- _What you should do_:
In the records below, the relevant part opens with the line containing "Spacious open-concept kitchen" and closes with the line containing "Electromagnetic gripper face"; print that part exactly and only, without its pictures.

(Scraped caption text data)
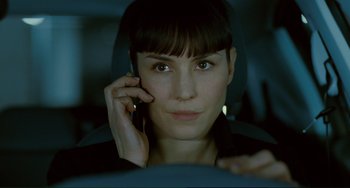 Movie still from “Passion” (2012), directed by Brian De Palma – A woman is talking on a cell phone while sitting in a car; Close Up shot, Over the shoulder angle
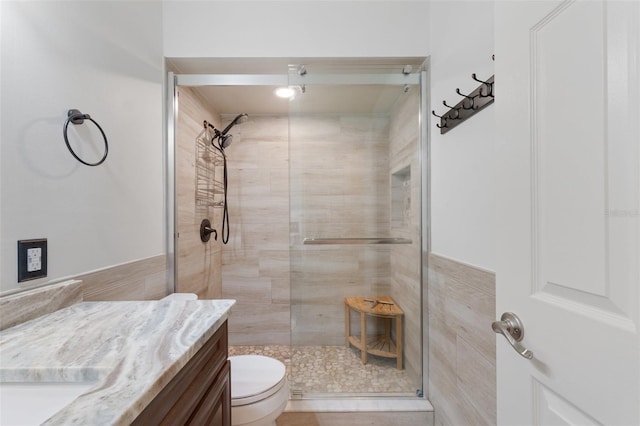 bathroom with toilet, vanity, and an enclosed shower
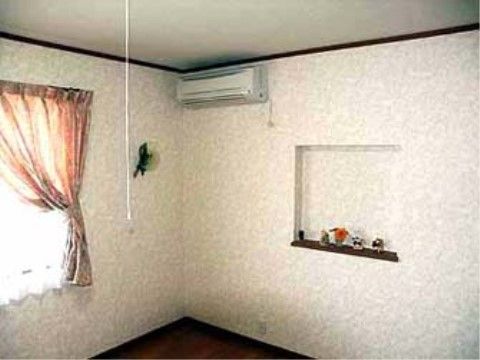 壁にはおしゃれな掘り込み棚があり、その上には置物が飾られている。棚の上部にはエアコンが設置されている。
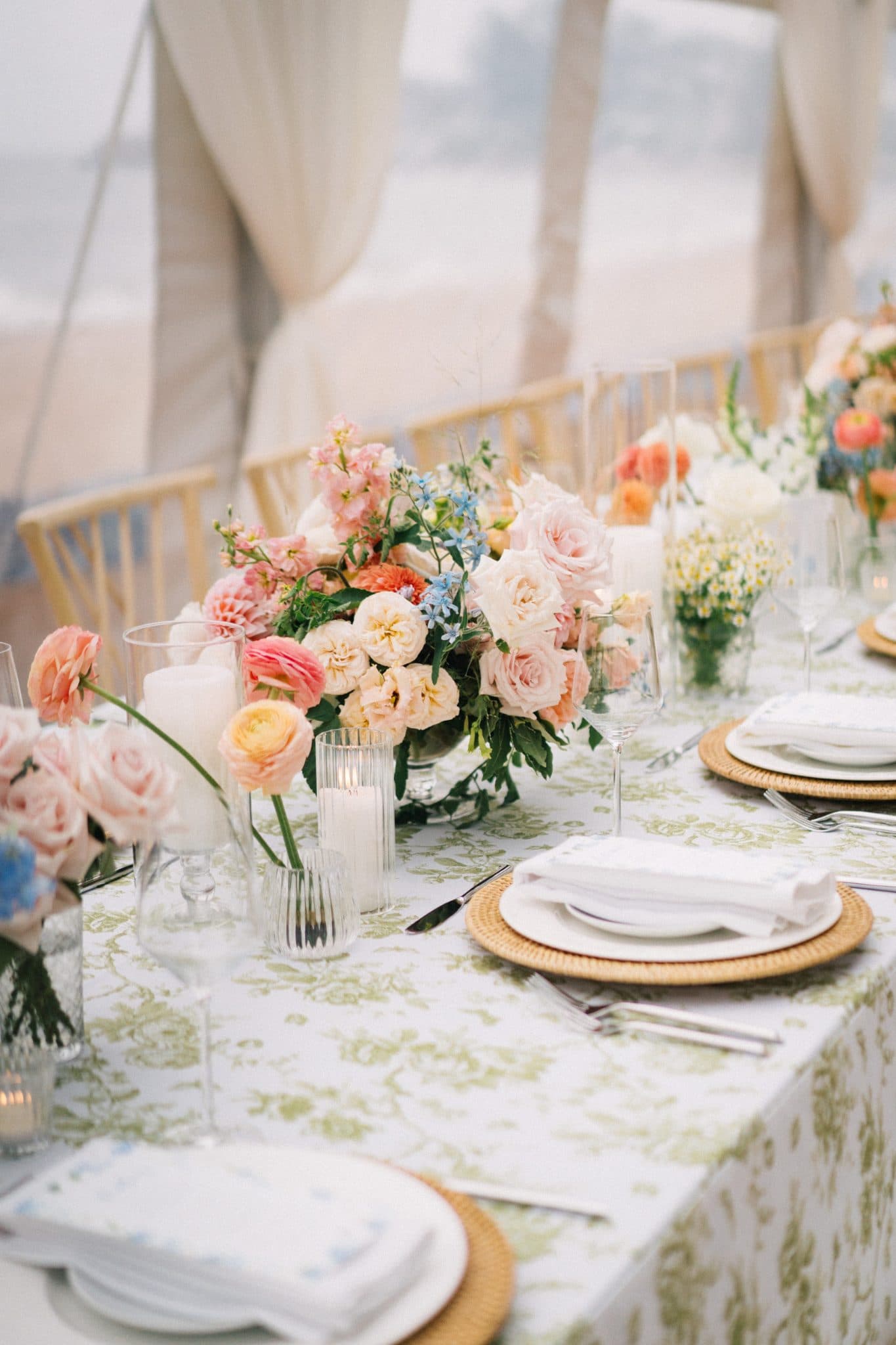 A beautifully set table with pastel flowers, green tablecloth, white napkins, and elegant glassware.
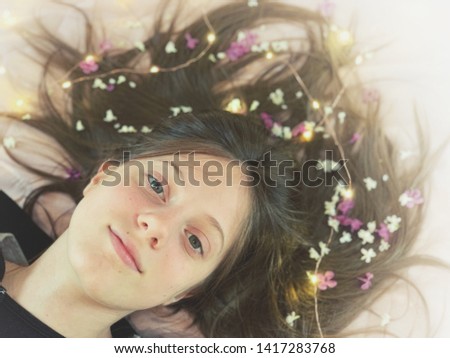 Similar – Teenage woman surrounded by confetti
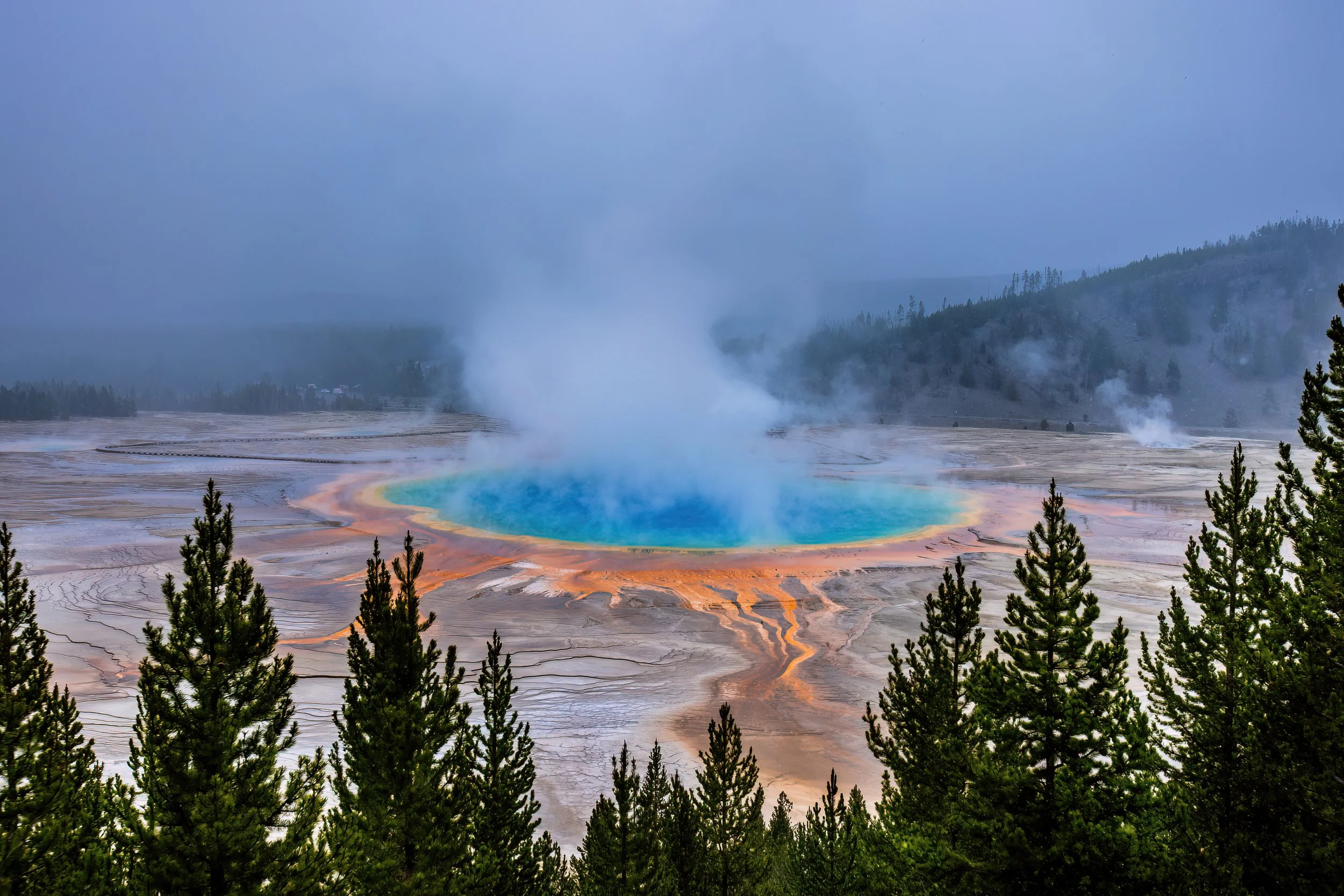 Colorful hot spring pool with steam rising, surrounded by green trees and forested hills under a cloudy sky.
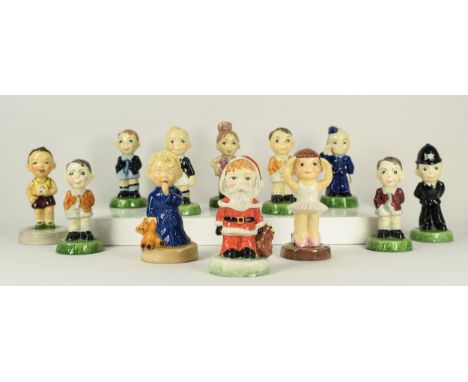 A collection of twelve Ltd edition Carltonware 'Kids' porcelain figurines, to include School Boy, Santa Claus, Footballer, Ai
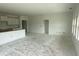 Spacious open-concept kitchen and living area, awaiting finishing touches, new construction at 1021 Jase Dr., Longs, SC 29568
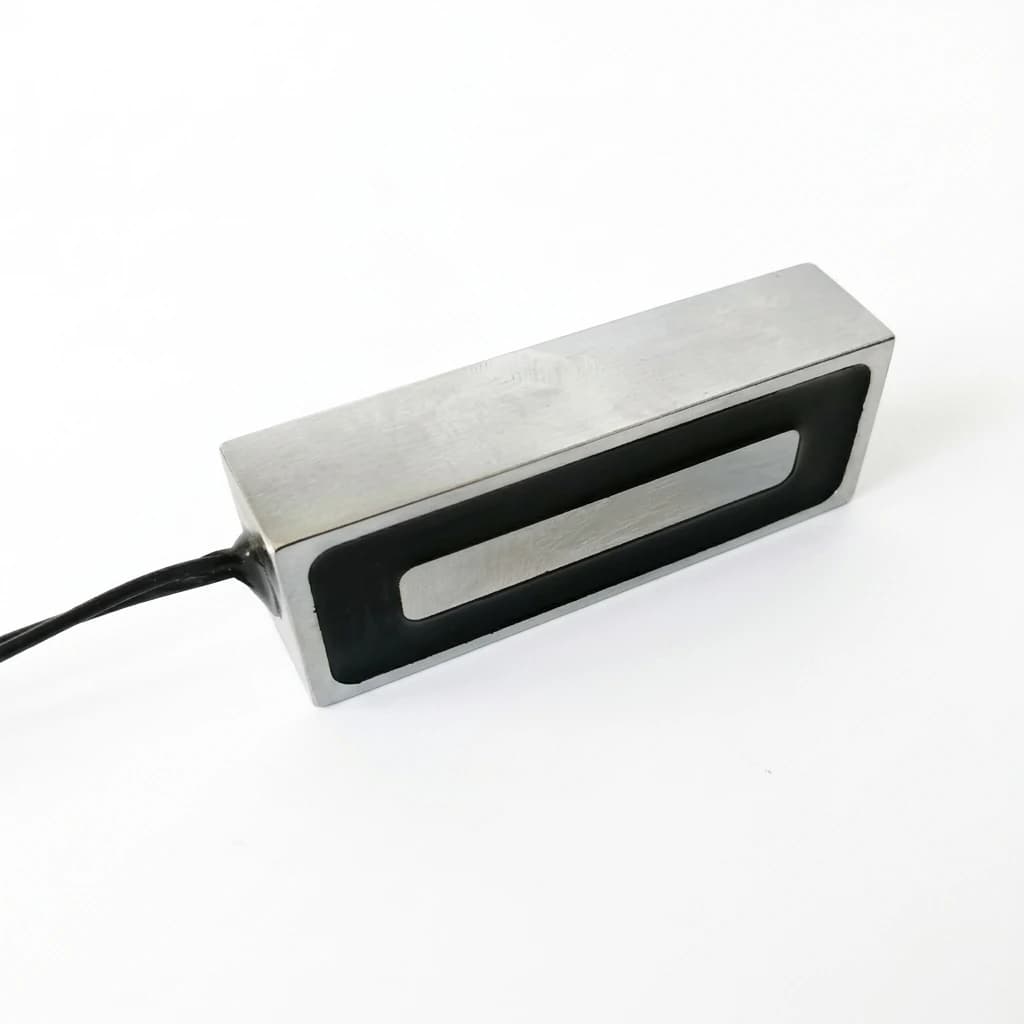 Electromagnetic gripper face with central pole piece and clean DC power leads
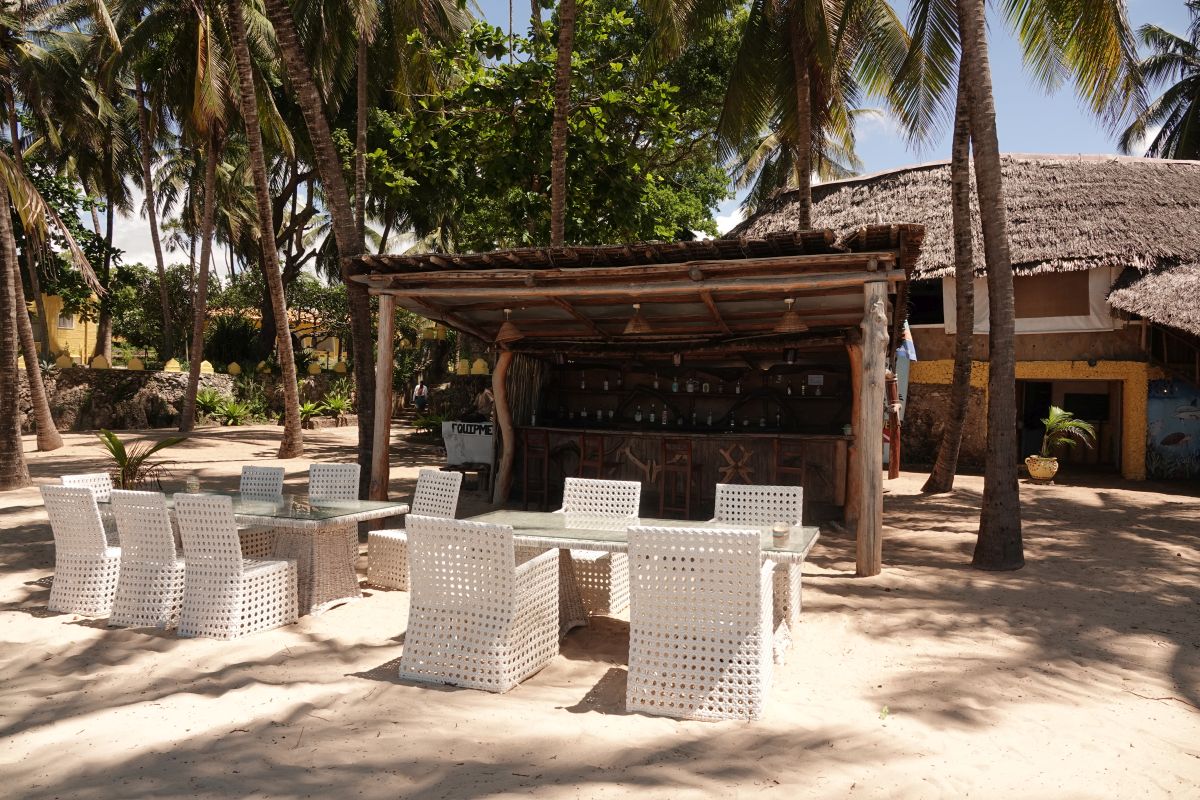 Beach-Bar im Hotel Coconut Beach Boutique Lodge mit Tischen und Strandsesseln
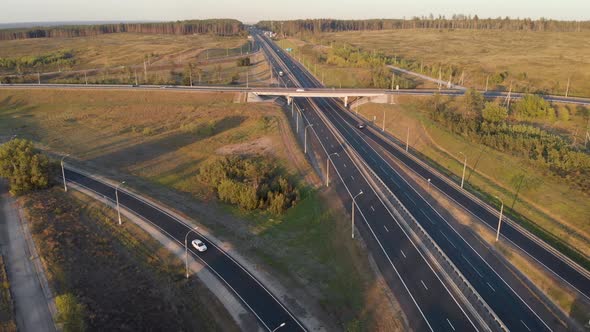 Aerial View. Interchange on the Intercity Highway. Cars and Trucks Travel in Different Directions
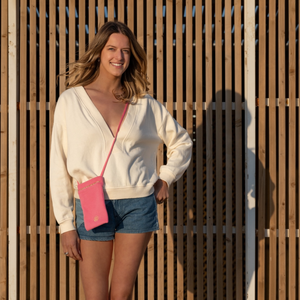 Femme souriante portant la pochette bandouliere en molleton biologique coloris rose fuschia - Atelier Dune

- _Answer for this exercise_:
 Spacious open-concept kitchen and living area, awaiting finishing touches, new construction at 1021 Jase Dr., Longs, SC 29568
 Electromagnetic gripper face with central pole piece and clean DC power leads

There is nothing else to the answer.